** Opening INFORMATION GIVEN block **
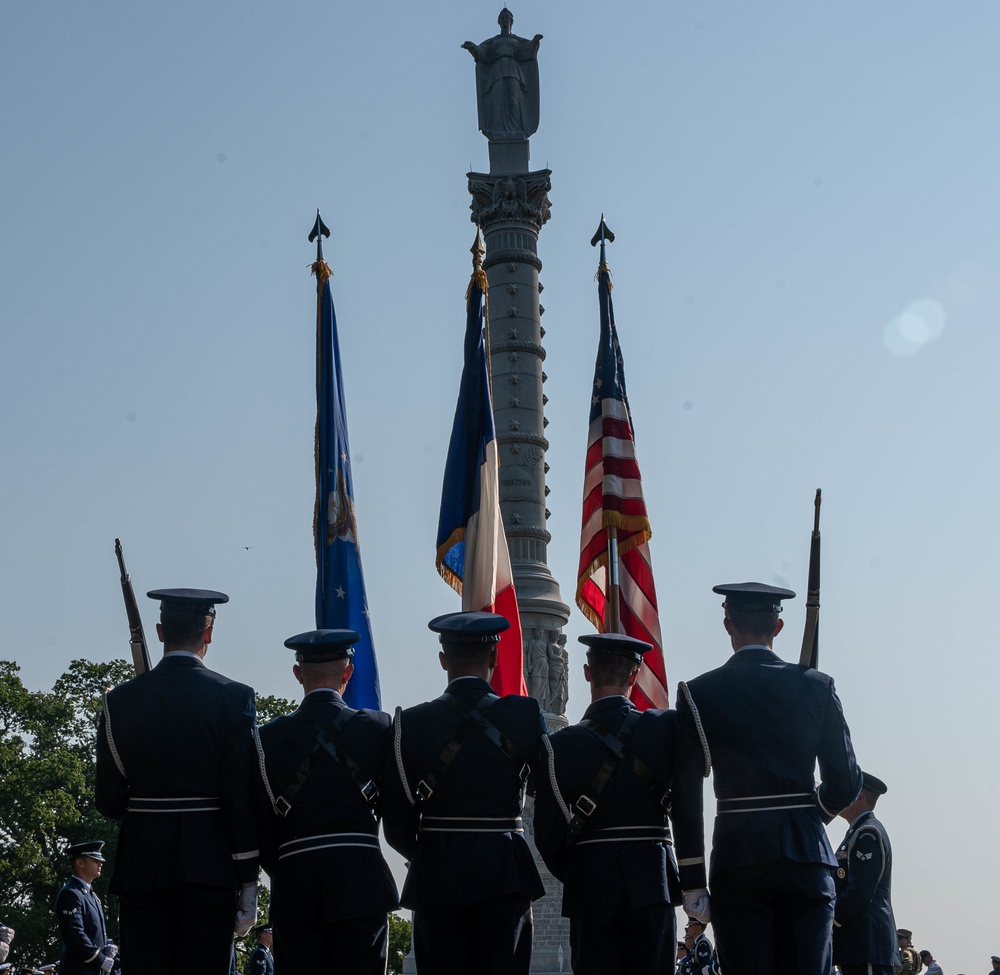 CSAF Brown, ACC welcome French Air Force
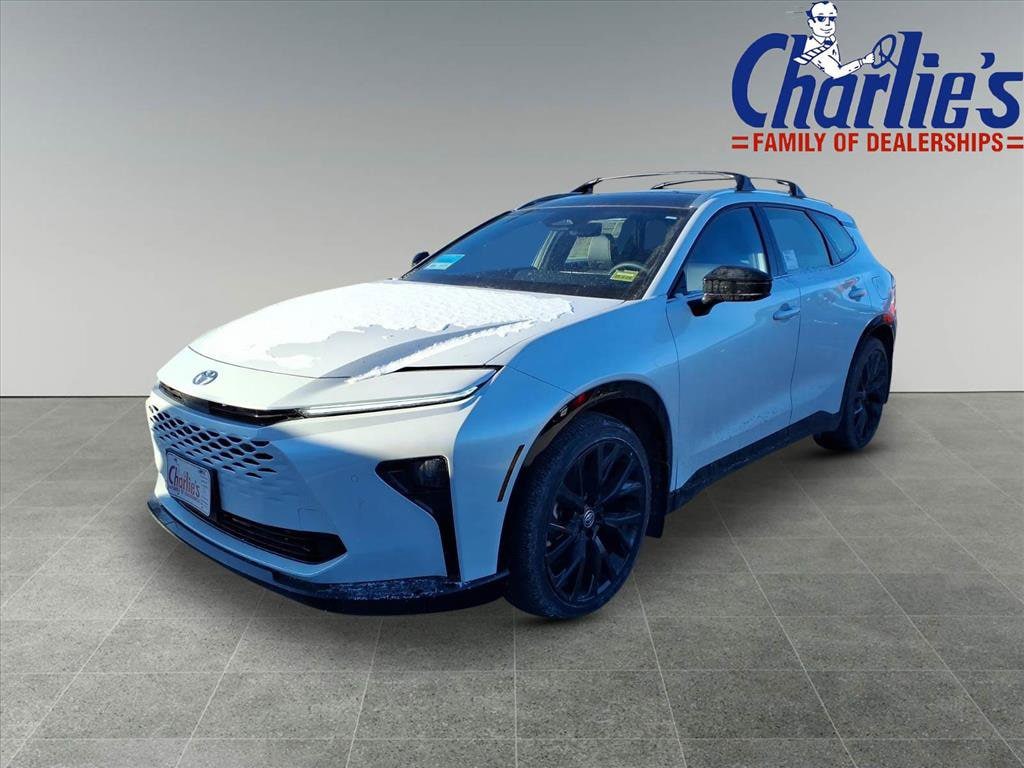 2025 Toyota Crown Signia Limited's photo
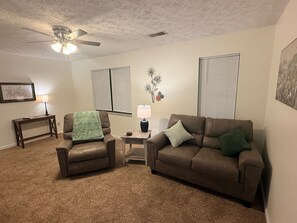 Smart TV, books - Cozy 1-bedroom apartment in Beautiful Sevierville (Sevierville)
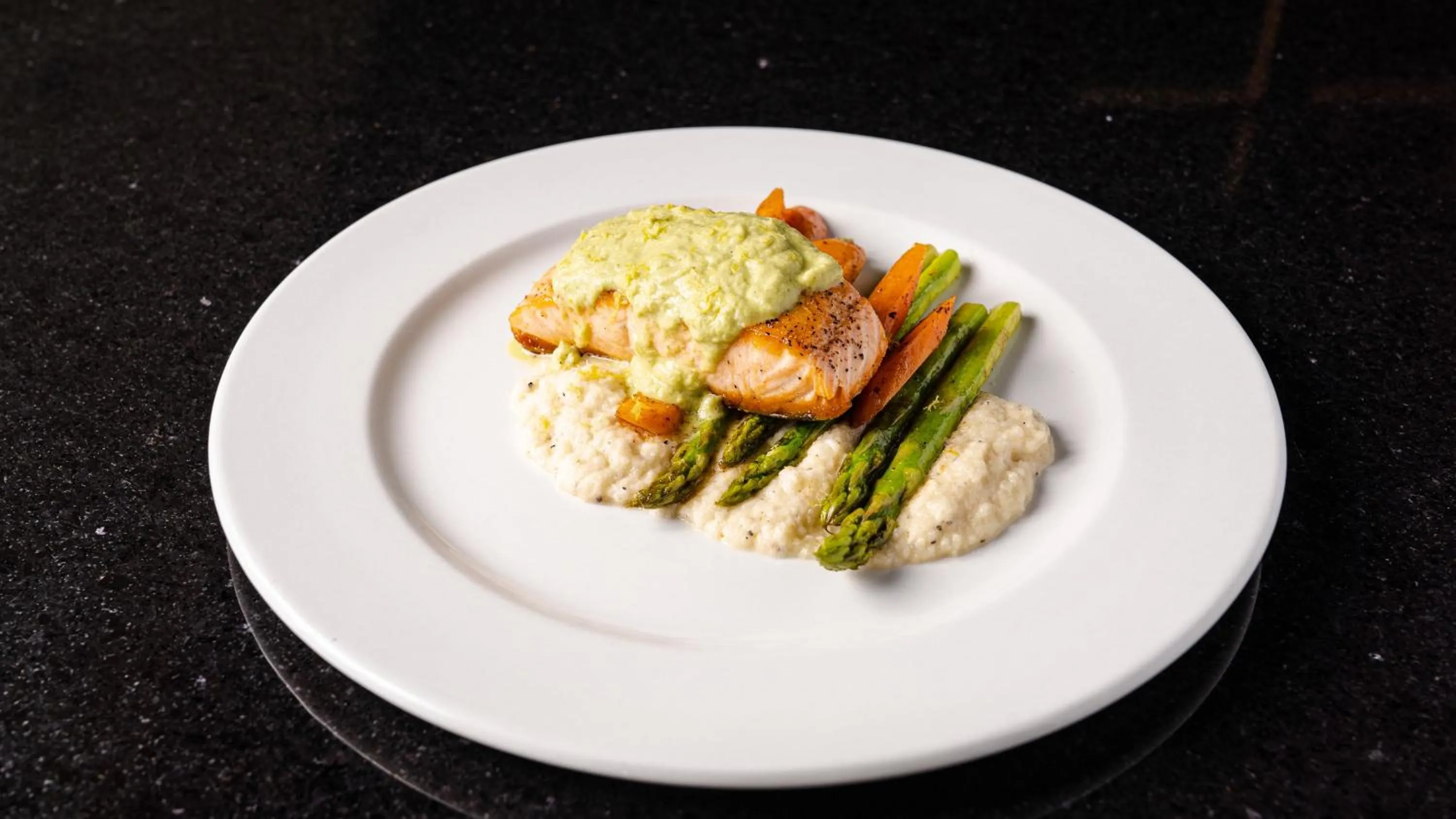 Restaurant/places to eat in Holiday Inn Hotel & Suites - Montreal Centre-ville Ouest by IHG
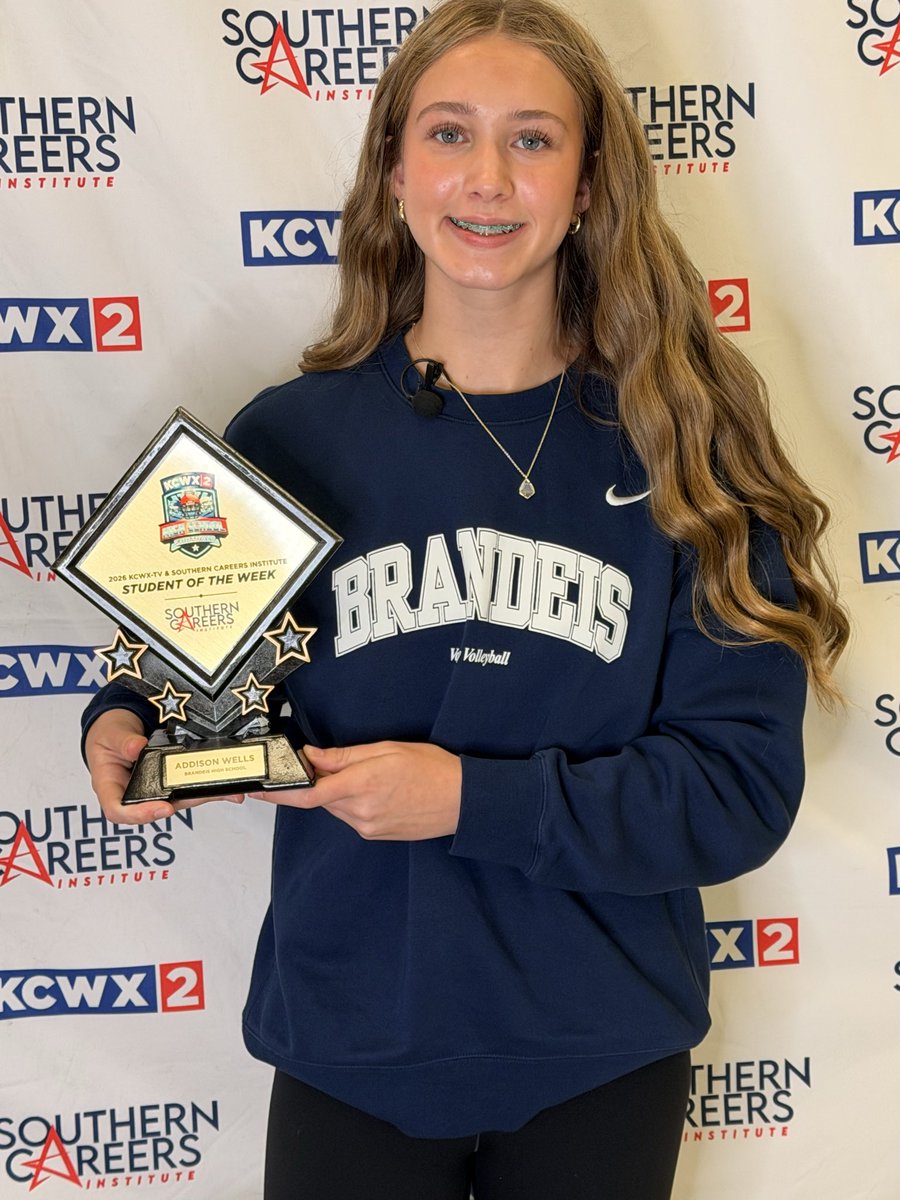 BrandeisVB08's tweet photo. CONGRATULATIONS Addi Wells for being selected as the @kcwxtv Athlete of the week!! Such a well deserved award for you!! We are PROUD of you Addi!! 
#thatsoursetter @Coach_KLewis @danaperry73 @BroncosBrandeis @AlamoVB https://t.co/nJdYtjRjWt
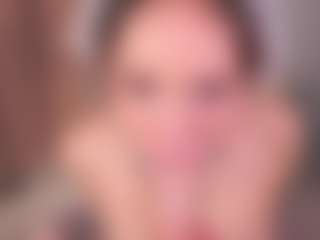 Bllowjoyy's Live Sex Cam Show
** Closing INFORMATION GIVEN block **
[WHAT IS REQUIRED]
The answer is the full set of records printed exactly, less the pictures.

[PROBLEM SOLUTION]
 CSAF Brown, ACC welcome French Air Force
 2025 Toyota Crown Signia Limited's photo
 Smart TV, books - Cozy 1-bedroom apartment in Beautiful Sevierville (Sevierville)
 Restaurant/places to eat in Holiday Inn Hotel & Suites - Montreal Centre-ville Ouest by IHG
 BrandeisVB08's tweet photo. CONGRATULATIONS Addi Wells for being selected as the @kcwxtv Athlete of the week!! Such a well deserved award for you!! We are PROUD of you Addi!! 
#thatsoursetter @Coach_KLewis @danaperry73 @BroncosBrandeis @AlamoVB https://t.co/nJdYtjRjWt
 Bllowjoyy's Live Sex Cam Show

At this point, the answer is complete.